The listener might never guess where the words being uttered in such soothing female tones through speakers attached to a series of wooden platforms are taken from.
Once you realise they are drawn verbatim from the catalogue for the Nazi-organised Degenerate Art Exhibition that took place in Munich in 1937, the piece takes on a new measure of seriousness. The exhibition, organised by Adolf Hitler and his cronies, aimed to deride and discredit anything the state could not control or understand.
As the sensors that operate each speaker are triggered whenever a viewer draws close, the gentlest of cacophonies comes gradually and shockingly into focus. When performers Pauline Goldsmith and Pauline Lockhart draw the audience into what initially resembles a children's storytelling session, the content of their sing-song conspiracy is even more chilling.

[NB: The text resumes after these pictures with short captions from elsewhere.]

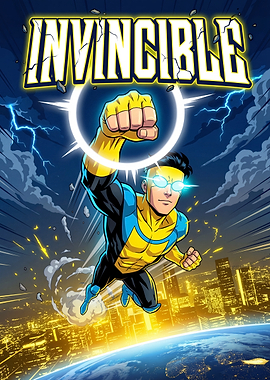 Invincible Flying Over Cityscape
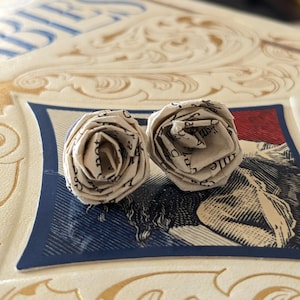 Les Miserables by Victor Hugo Recycled Paper Rose Book Earrings | Handmade Mini Stud Earrings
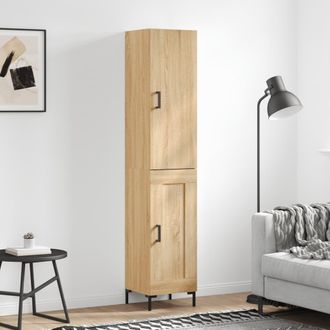 vidaXL Vidaxl - Aparador De Madera Contrachapada Roble Sonoma 34,5x34x180 Cm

Goldsmith, Lockhart and the disembodied voices talk of work being made by "lunatics" and "cretins" with the casual contempt which these days are usually the preserve of those who treat the Turner Prize as if it's a joke. The fact the women here are denigrating works by Picasso, Paul Klee and others who recognised an abstract world beyond the Nazis' Aryan vision says much about the 1937 exhibition's anti-intellectual stance.
With sound design by Matt Padden, Fischer has made a major statement on the dangers of how an oppressive state reduces things to a lowest common denominator.